Figure 1 - Matching
As illustrated in figure in the previous section, a filter is matched against directory information to determine which directory information (directory entries) that are to be returned to the accessing user. However, such a matching is not a straightforward matter. It is not just a simple, octet for octet comparison. Matching is complicated by:
- The information in the filter and stored directory information are encoding using different character sets, for example Latin-1 and Universal multiple-octet coded Character Set (UCS).
- Even when both the filter and the stored directory information is using UCS, different encodings might be applied.

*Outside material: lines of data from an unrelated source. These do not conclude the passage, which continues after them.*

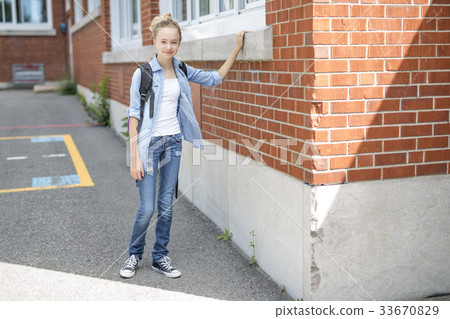 Nice Pre-teen boy outside at school having good Nice Pre-teen boy outside at school having good 33670829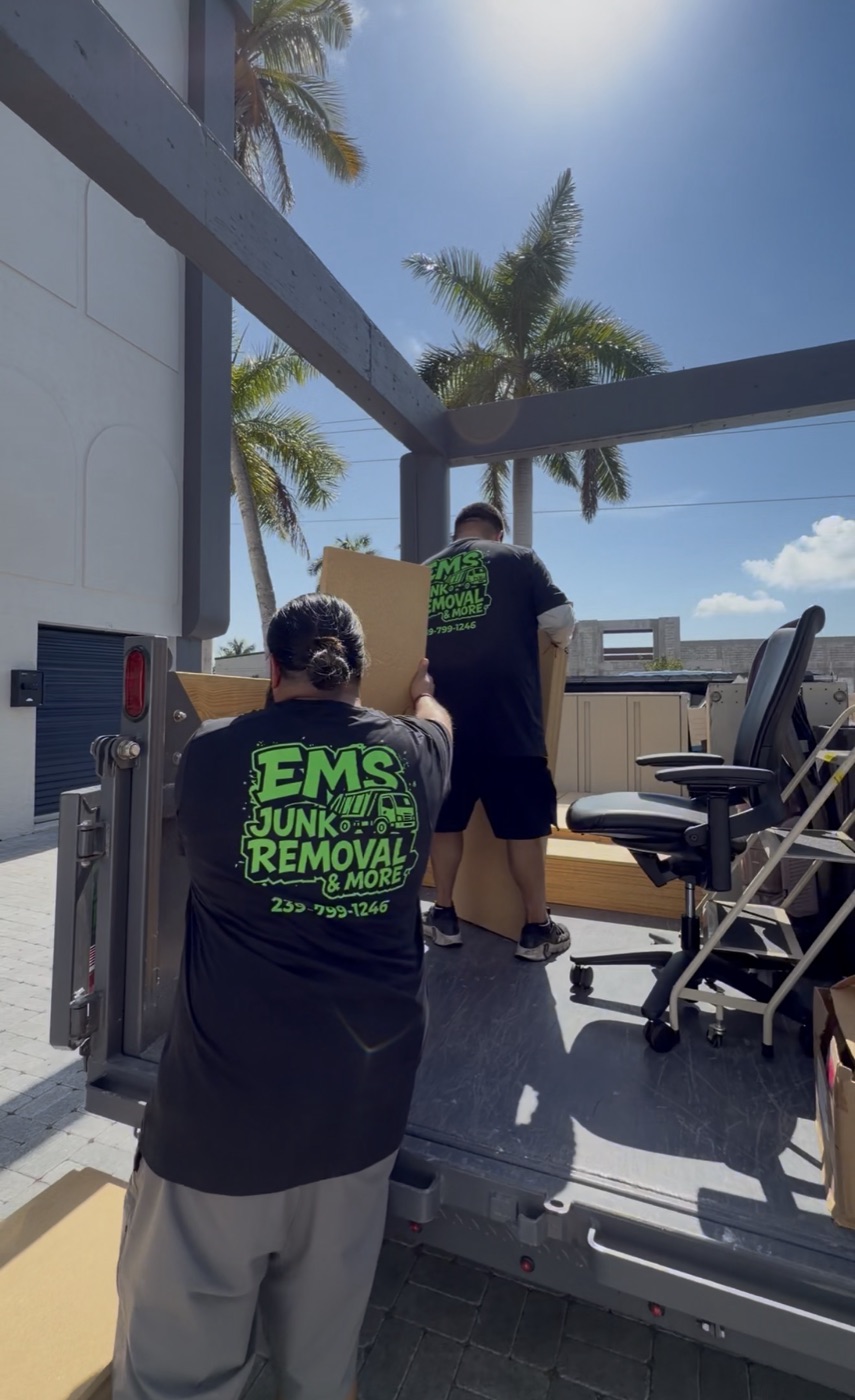 EMS Junk Removal crew in branded shirts loading office furniture onto the truck liftgate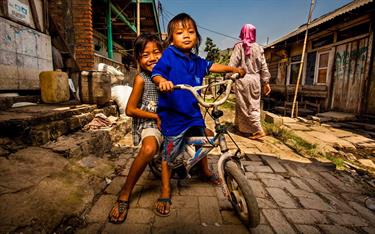 Two children sitting on a bicycle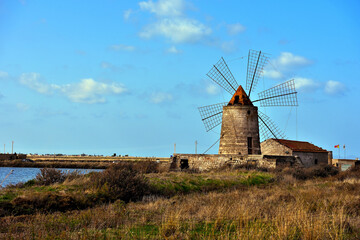 The salt flats with a windmill of Trapani, Sicily (Italy)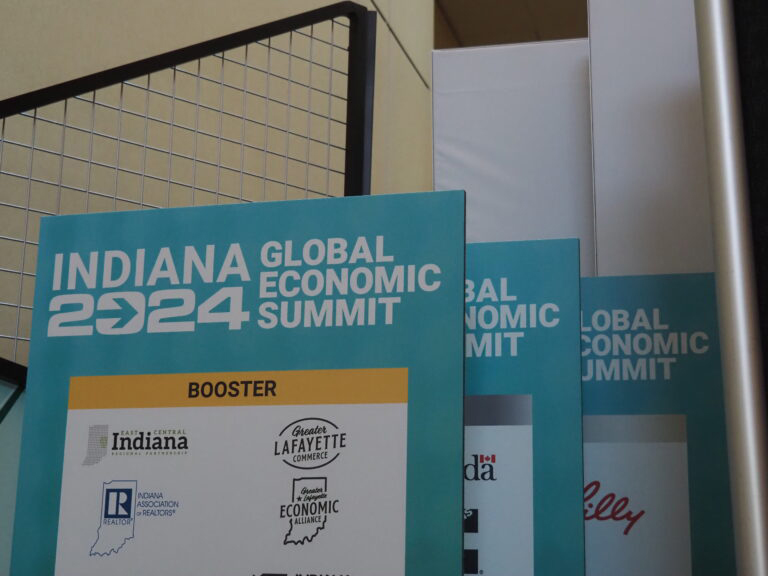 Signage for the 2024 Global Economic Summit stands in the Indiana Convention Center on Tuesday, May 21, 2024. (Leslie Bonilla Muñiz/Indiana Capital Chronicle)
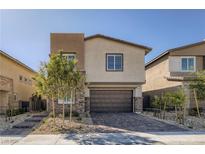 Charming two-story home featuring a brick-accented facade, two-car garage, and manicured landscaping at 9576 Archer Peak Ct, Las Vegas, NV 89143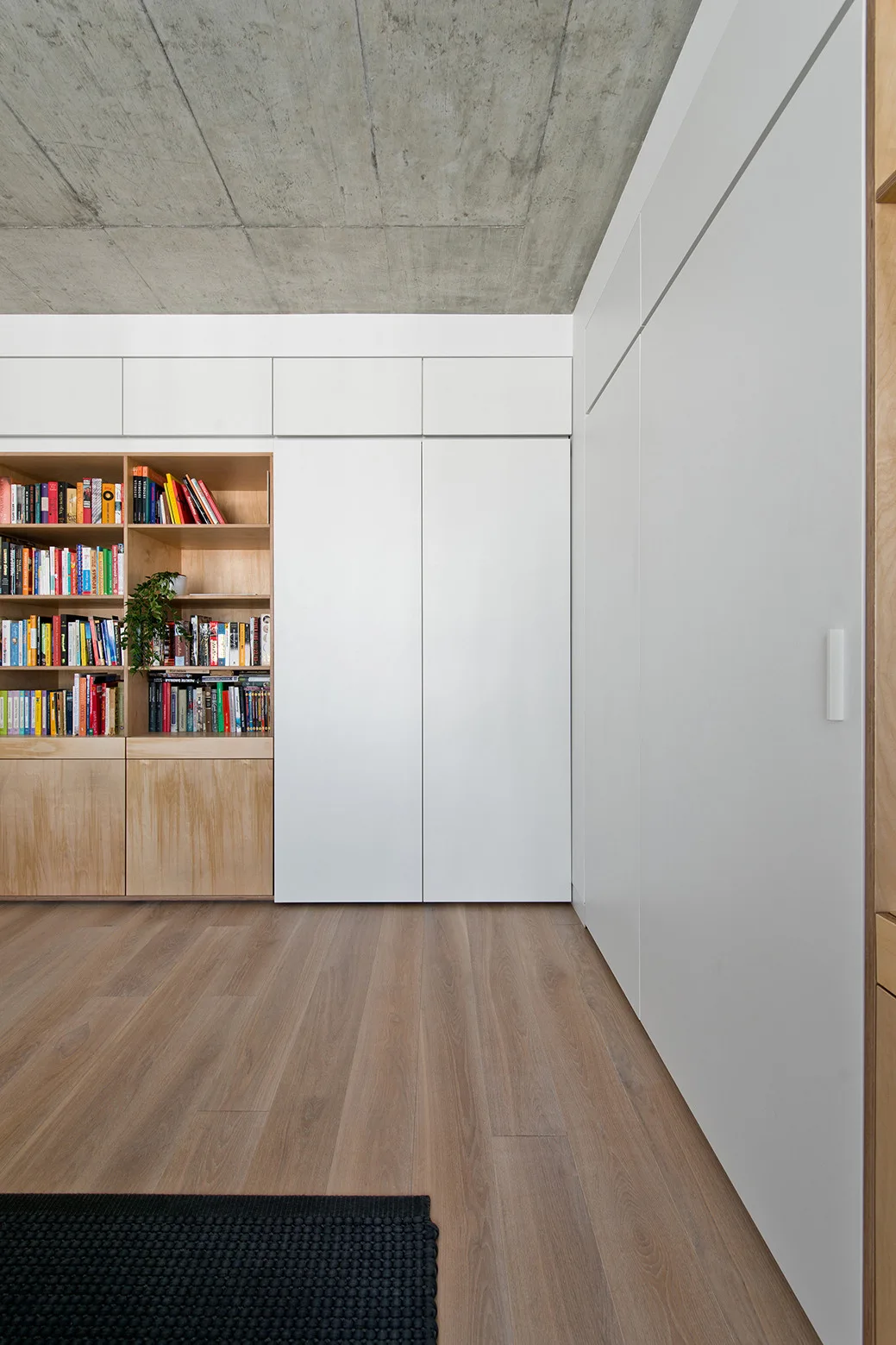 A modern room featuring floor-to-ceiling white storage cabinets integrated with a light wood bookshelf under an exposed concrete ceiling.
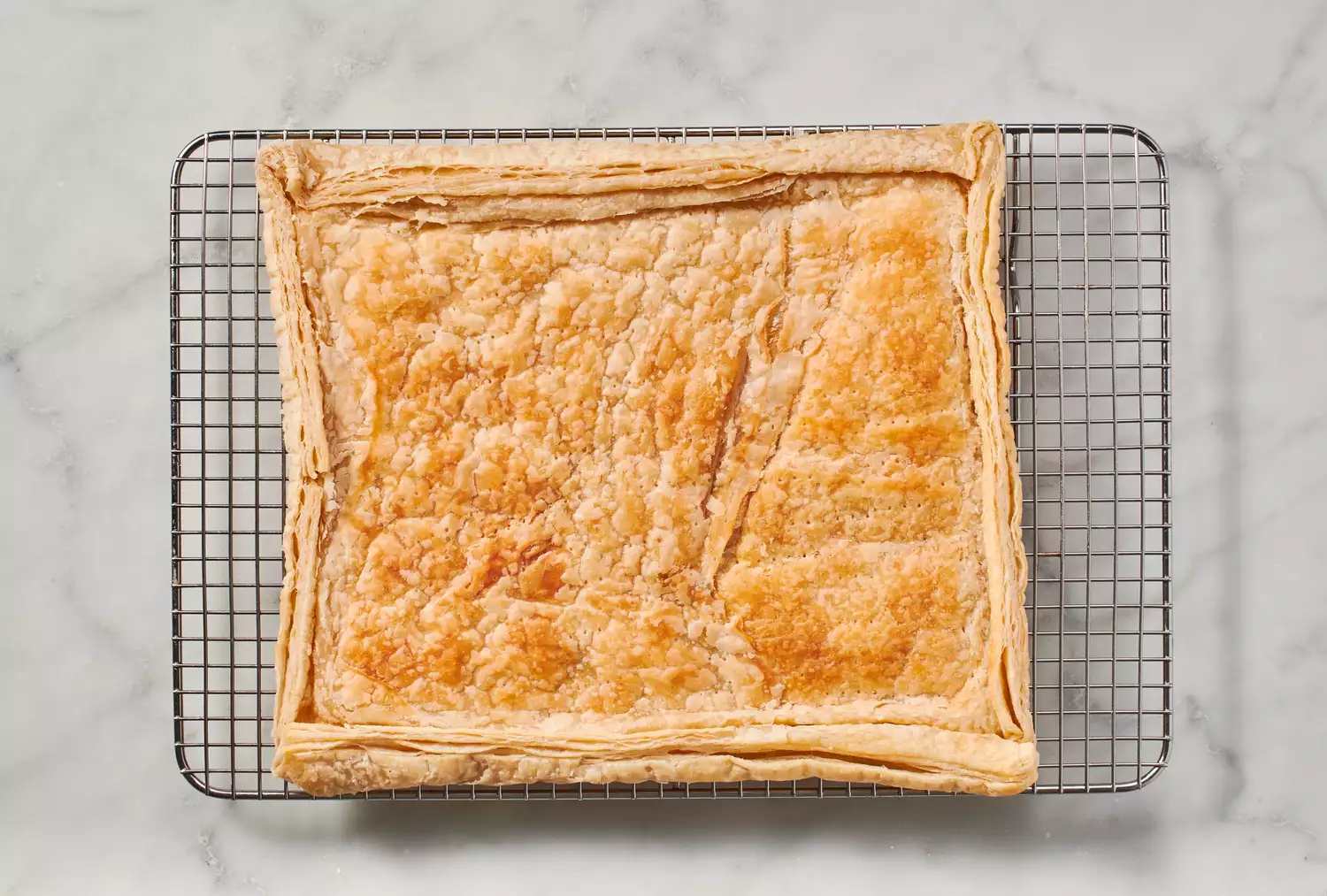Uma crosta de massa folhada parcialmente assada em uma grade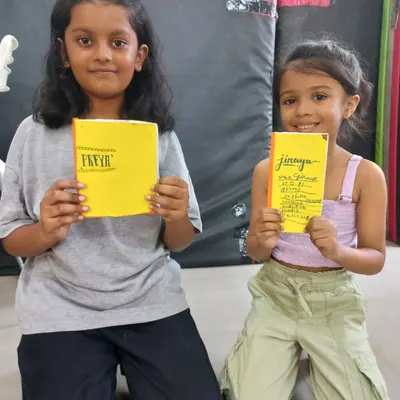 Two young girls proudly display the books they made themselves in our bookbinding workshop. The sense of accomplishment from creating something with your own hands is priceless.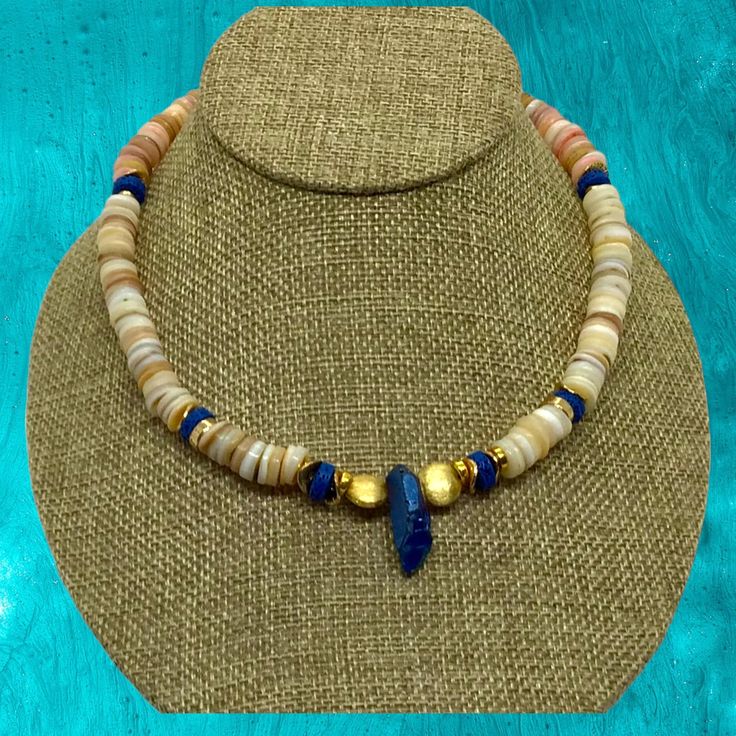 Experience the tropical vibes with our stunning 17" Fiji Choker Necklace of Lapis Lazuli, Gold, and beach-colored shells and beads. From the glint of gold to the mesmerizing blue of the Lapis Lazuli, this exquisite piece will make you feel like you've escaped to an island paradise! Toggle style closure. Unisexy! Artisan Beaded Necklace With Gemstone Beads For Beach, Adjustable Gold Beaded Shell Necklace, Gold Single Strand Beaded Necklace For Beach, Gold Natural Stones Jewelry For Vacation, Gold Jewelry With Natural Stones For Vacation, Bohemian Yellow Gold Single Strand Necklace, Beach Shell Necklace With Round Natural Stones, Ocean-inspired Gold Beaded Necklaces For The Beach, Ocean-inspired Gold Jewelry With Natural Stones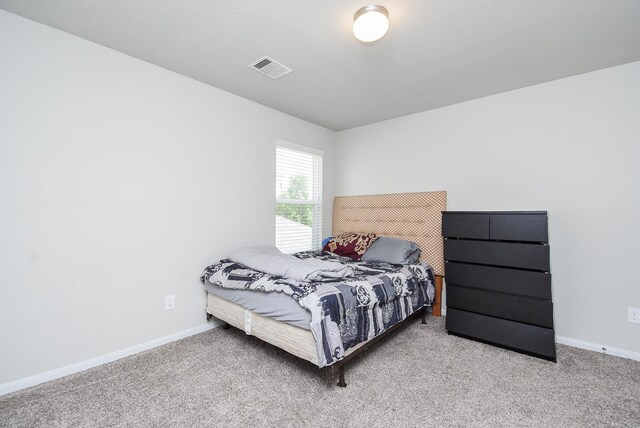 bedroom with carpet flooring, visible vents, and baseboards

Each character may be encoded in different ways:
- UCS-4 (UTF-32) - word oriented
- BMP (UCS-2) - half word oriented
- UTF-8 - octet oriented
It is necessary to bring the filter information and the stored directory information into a common format.
- Even when the filter information and the directory information are normalized into the same UCS encoding, some characters have alternative encodings. As an example, the Danish 'Å' has three different encodings:
- The Danish 'Å' has its own code point. In UTF-8 is then C3 85'H
- The Danish 'Å' may be a combination of 'A' (61'H in UTF-8 ) concatenated with RING ABOVE (030A in UCS-2 and or CC8A in UTF-8).
- The Danish 'Å' may also be coded as the Angstrom sign (E2 84 AB'H in UTF-8).
- Most matching is case ignore. As an example, when case ignore matching is used, Copenhagen will match CopenHagen and copenhagen.